“Do you love him?” I asked.
She looked away. “How can you ask me that? Why must you disquiet us both with these questions?”
“Because I must know. Do you love him?”
She still did not look at me. “Yes,” she whispered, turning away.
I wanted to believe that she lied to me, but I could not do it. I could not say- I could never say- if my failure of belief came from her words or my heart. I knew only that there was nothing more for us to discuss. She had fired the fatal shot, the one that ends the battle, and there was nothing to do now but collect the dead.
I stood, drained my glass, and set it down. “I wish you joy,” I said once more, and departed.
Only later did I learn the man’s name: Griffin Melbury. They married some two weeks after our conversation in a private ceremony I was not asked to attend. I had not seen Miriam since. Upon hearing the news, my uncle rent his clothes. My aunt later whispered to me that her name must never again be spoken aloud to either of them. The world would be remade as though Miriam had never lived. Or such had been the plan.
A flawed plan, for I had begun to find that in this election season I could not go two steps without hearing of her husband, and I could not hear of the man without wishing for the chance to squeeze his throat until he hung limp in my hands.
The Goose and Wheel was larger than I anticipated, a long room with dozens of tables and a bar at the back. And it was full. Here were laborers of every species- Englishmen of course but also black Africans, swarthy East Indians, and lascars such as I pretended to be. The air reeked of gin and ale and boiled meat, of cheap tobacco and piss, and the noise was a raucous din of shouting, singing, and drunken laughter. I had wondered why Littleton was so willing to enter a tavern where he knew he would be unwelcome, but I saw that the risk he ran was minimal.

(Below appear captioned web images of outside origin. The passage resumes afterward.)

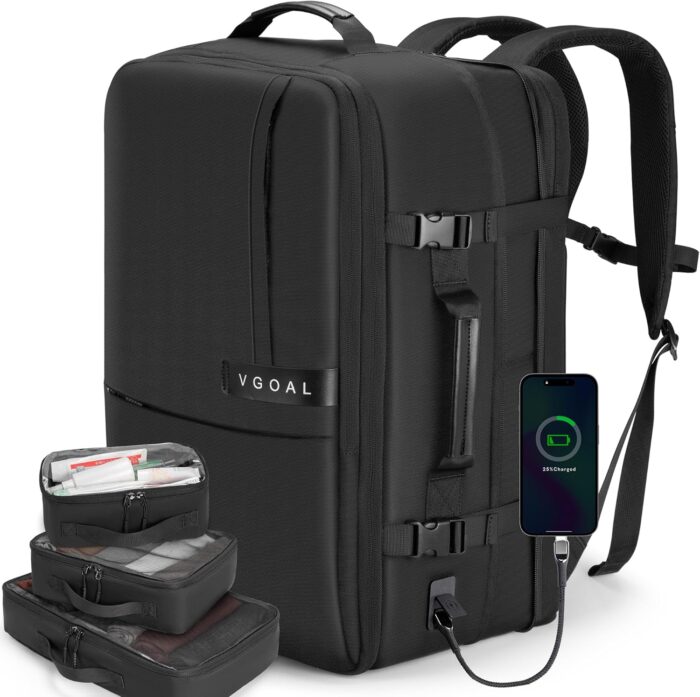 VGOAL Carry On Backpack, 40L Travel Backpack Expandable With 4 Packing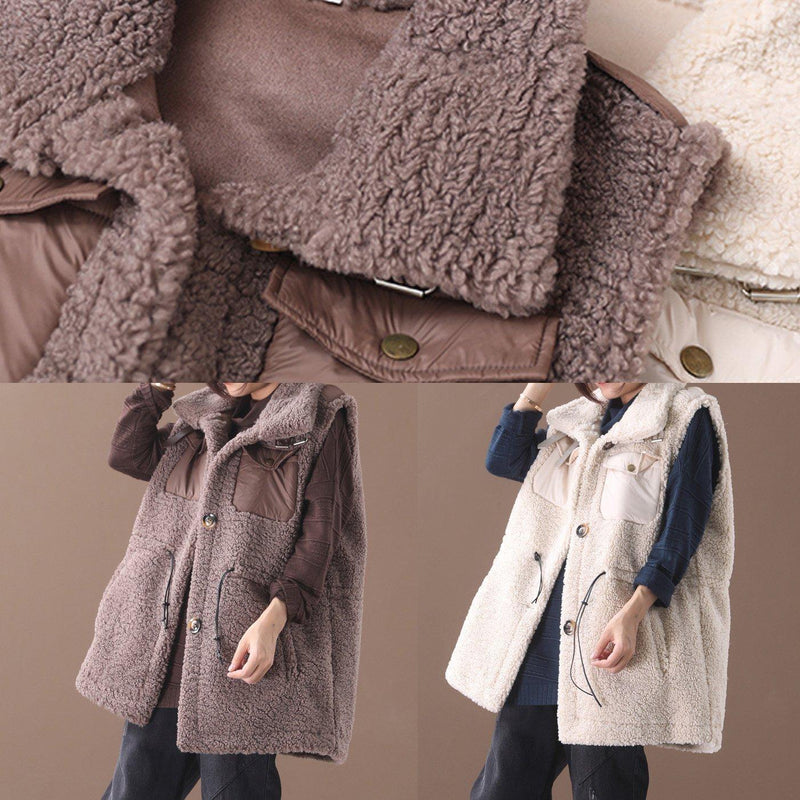 Unique Drawstring Sleeveless Maxi Coat Beige White Silhouette Coats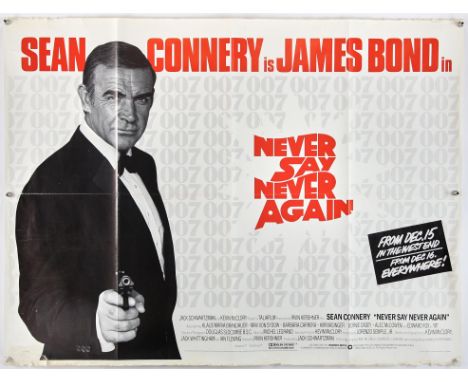 James Bond Never Say Never Again (1983), British Quad, Advance, 41 x 31 inches, was folded now rolled Director Irvin Kershner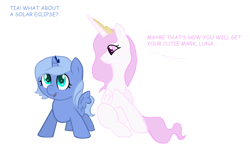 Size: 3000x1728 | Tagged: safe, artist:watertribekayla, derpibooru import, princess celestia, princess luna, alicorn, pony, crown, dialogue, female, filly, foal, horn, jewelry, mare, pink-mane celestia, regalia, s1 luna, simple background, sitting, smiling, speech bubble, spread wings, text, transparent background, wings, woona, young luna, younger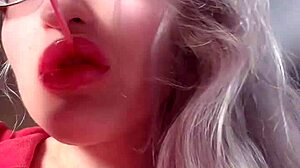 Bimbo Goddess in Red Lipgloss Dominates Webcam Findom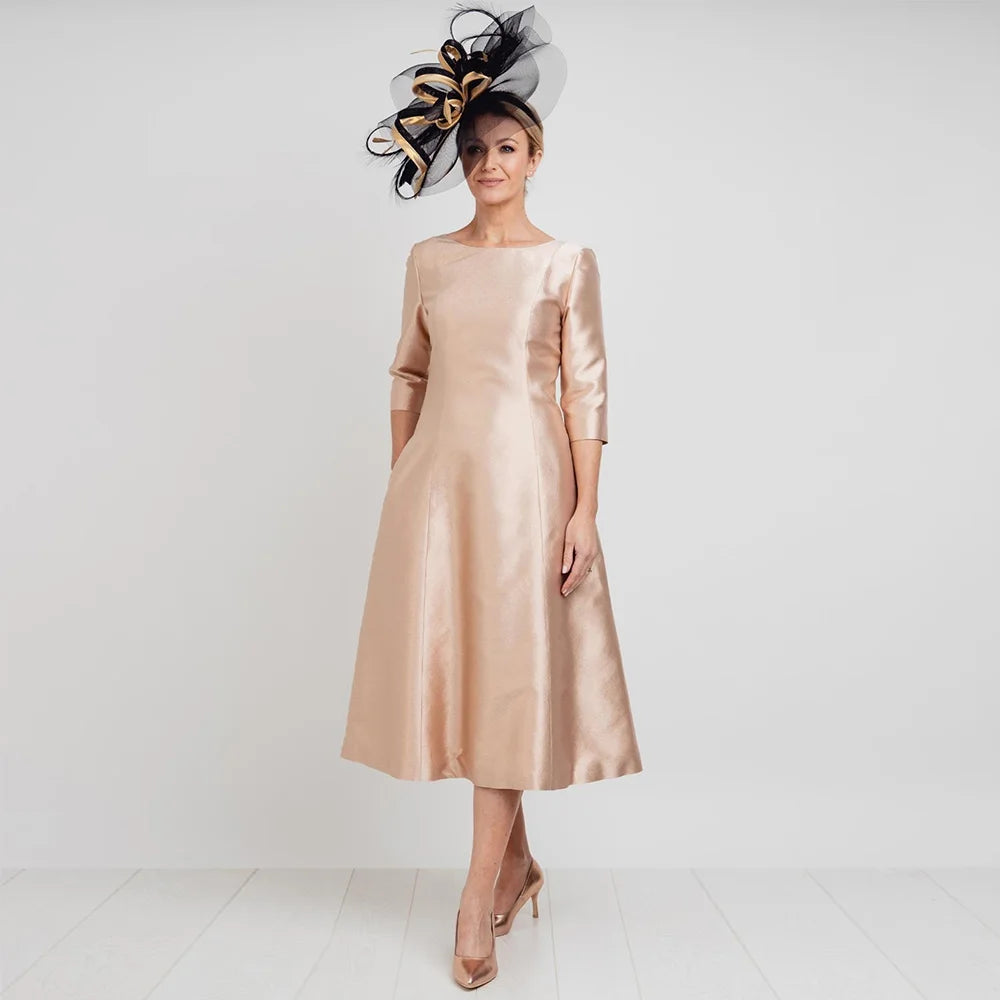 Elegant Bateau Neck A-Line Mother of the Bride Dress Tea-Length 3/4 Sleeve Wedding Guest Dress for Women green / Custom size Elegant Bateau Neck A-Line Mother of the Bride Dress Tea-Length 3/4 Sleeve Wedding Guest Dress for Women green / Custom size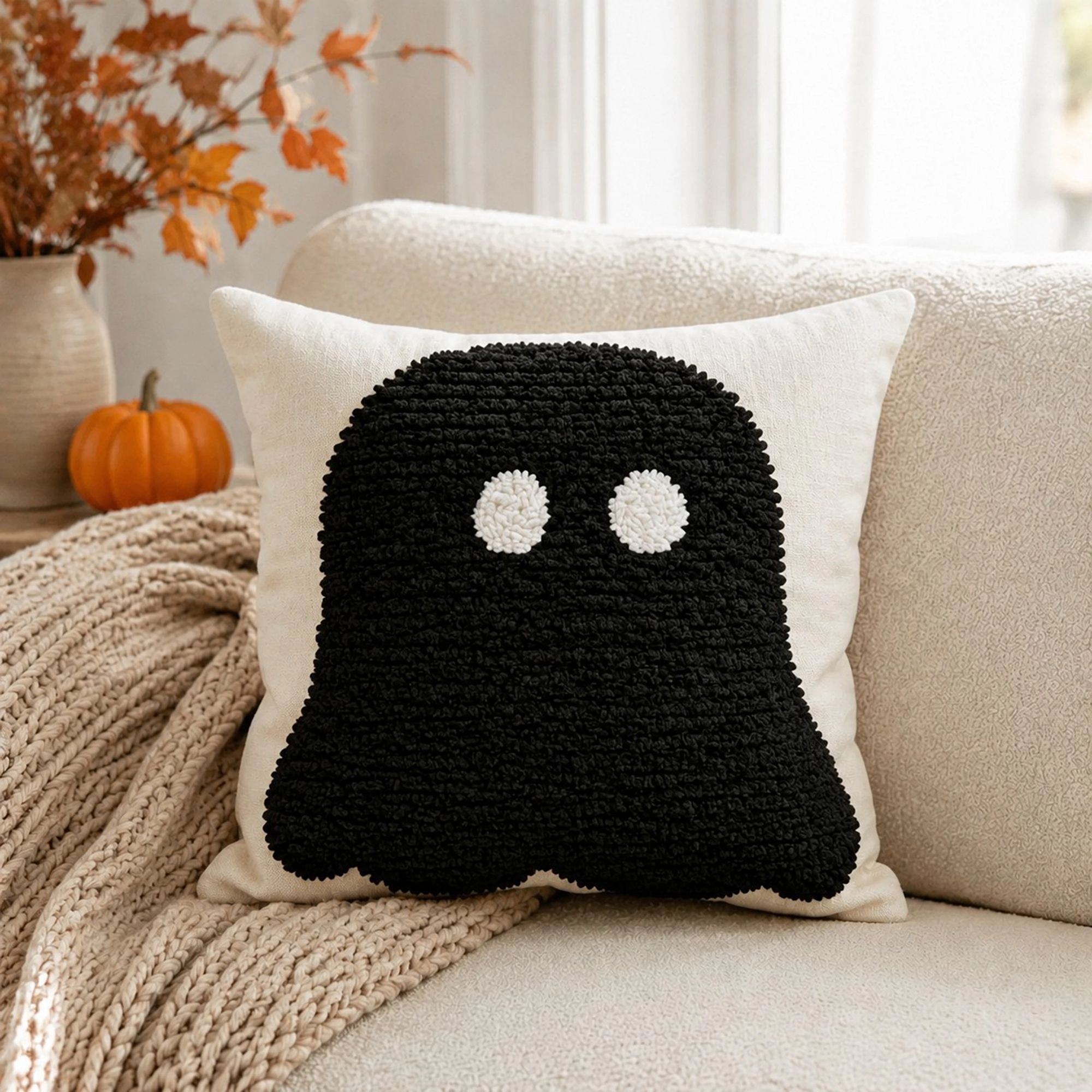 Alilang Halloween Tufted Oversized Ghost Decorative Throw Pillow Cover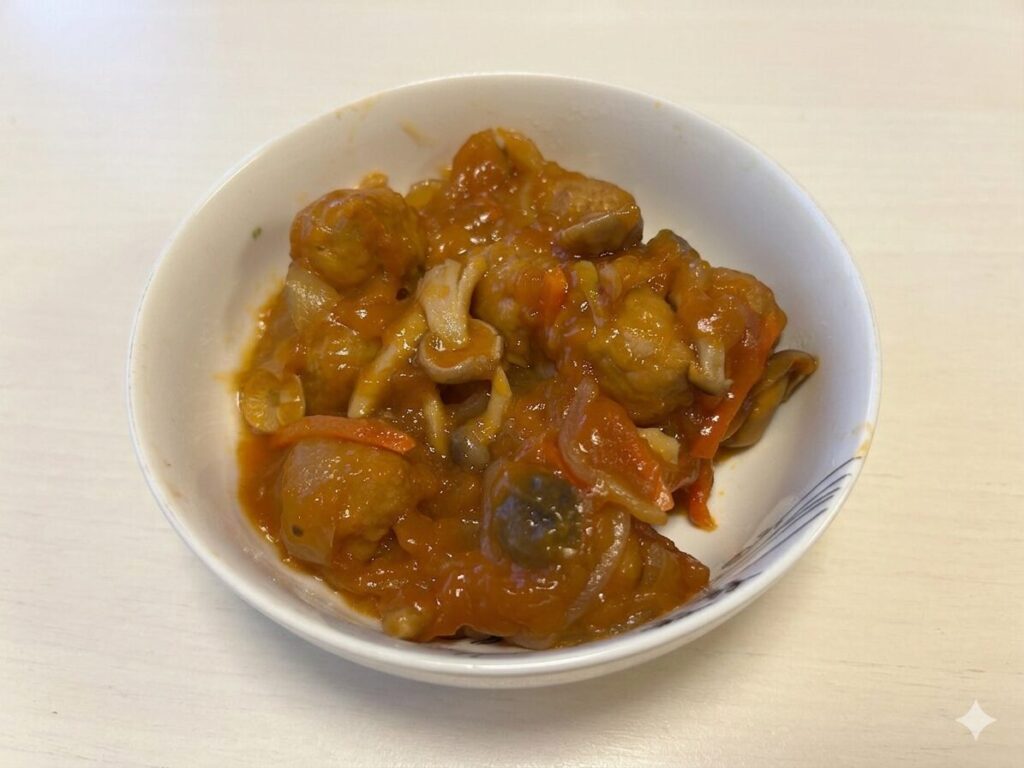 シェフの無添つくりおき_甘酢にからめた具だくさんつくね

The Goose and Wheel expended no more money on tallow than was absolutely necessary for the most basic functions of the business, and its proprietors kept it in a state of dusky gloom. With windows far outnumbered by pipes, the room was dark and smoky, and I could hardly see ten feet ahead of my face. The far end of the room, where men sat smoking, looked like a sky full of stars filtered through a thin veil of clouds.